Author Michael Chabon discusses the power of local radio in his essay, Radio Silence, “(The song) "Runaround Sue" by Dion & the Belmonts (1961) was my mother’s all-time favorite. We used to hear it sometime on WMOD (“Washington DC’s Goldmine”), and she always got a certain look when it came on, something between surprise and reverie. All those songs, and even more, their familiarity and evident importance to my mother- the associations and memories they stirred, the good feelings they engendered – came to mean something to me. Their lyrics, their instrumentation, the outmoded crooning or falsettos of their vocalists, their monauraul shimmer, became part of my understanding of the era that had produced them, and my understanding of my mother, and of the way she saw and talked about her life.”
Unfortunately, formats pass on. AM radio stations that once filled the airwaves with 1940’s favorites, the Andrews Sisters or Dorsey Brothers, are long gone. That music may as well be Gregorian chants. 1950’s formats that made their bones on doo-wop, Chuck Berry or the Everly Brothers have become distant memories like poodle skirts and saddle shoes.

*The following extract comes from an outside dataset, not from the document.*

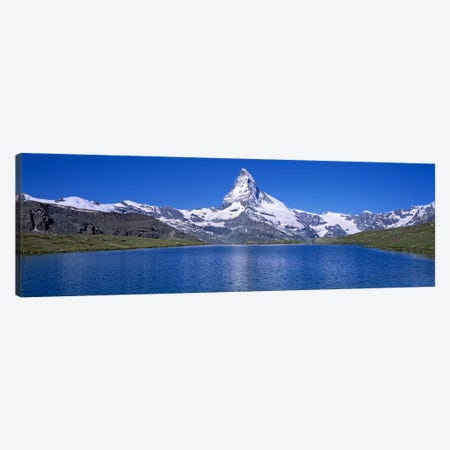 A Snow Covered Matterhorn With Reffelsee In The Foreground, Valais, Switzerland Canvas Print #PIM2106} by Panoramic Images Canvas Print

The 1960’s, which popularized FM, were the decade that was supposed to change it all. But you don't even hear much 1960’s music on local radio anymore. A few warhorses like "My Girl," "Satisfaction," or "I Heard It Through the Grapevine" survive, usually on FM, but they are token exceptions. Even Beatles and Stones’s playlists have dwindled to an overplayed few. The legendary AM stations like WABC or WLS in Chicago, which once hooked Boomers on rock and roll, don't even play music anymore.
The 1970’s are on their way out, also. "Black Magic Woman," "Stairway to Heaven" and "Ramblin’ Man" may still be around, but it means scouring the dial to hear them, if you're willing and haven't grown tired of them yet. Take note, Billy Joel, Prince, and Phil Collins, your days on local radio are numbered.
Who cares, you may ask? Besides satellite radio, it’s possible to download any of these artists, and thousands of others, anytime on your iPod. Your MP3 player will play "Purple Rain" all day if you like. People with iPod buds wander ubiquitously through suburban malls (resembling nothing so much as those emotionless drones from the Invasion of The Body Snatchers, the original "pod people." Without question, musical choice is more varied and available than ever.
But something has been lost, which brings us back to the disc jockey. Chances are, no matter where you grew up, some DJ affected your life at some time - was it Cousin Brucie? Larry (Uncle Lar) Lujack in the Midwest? Early "The Soul Man" Wright in the Delta? (The Real) Don Steele in L.A.?
The best of them were shamans, communicating from a spiritual world, conjuring powerful magic. Their medium might have been Wagner, Beethoven, Hank Williams, Miles Davis, Bruce Springsteen or B. B. King. But the magician behind the curtain was that DJ.
Precious few shamans remain. Jonathan Schwartz remains one of the best things about satellite radio. For years, he could switch seamlessly between AM and FM, playing Sinatra and discoursing on Sinatra songs all the way back to Frank’s 1930’s Hoboken days. Then, he might segue smoothly on another show and play Frank Zappa (Google please, if you're under 40).
The best DJs, like Dick Buckley or Jonathan Schwartz, don't just play music; they are artists producing indelible aural memories. Soon, like their formats, they will disappear and we shall not hear their like again. The iPod and the MP3, and whatever technology comes apace will doubtless provide more music, better quality, and easier access. But no technology will ever recreate the great DJ’s and the intimacy of local radio. Future generations will be poorer for it, having missed out on one of life’s little pleasures.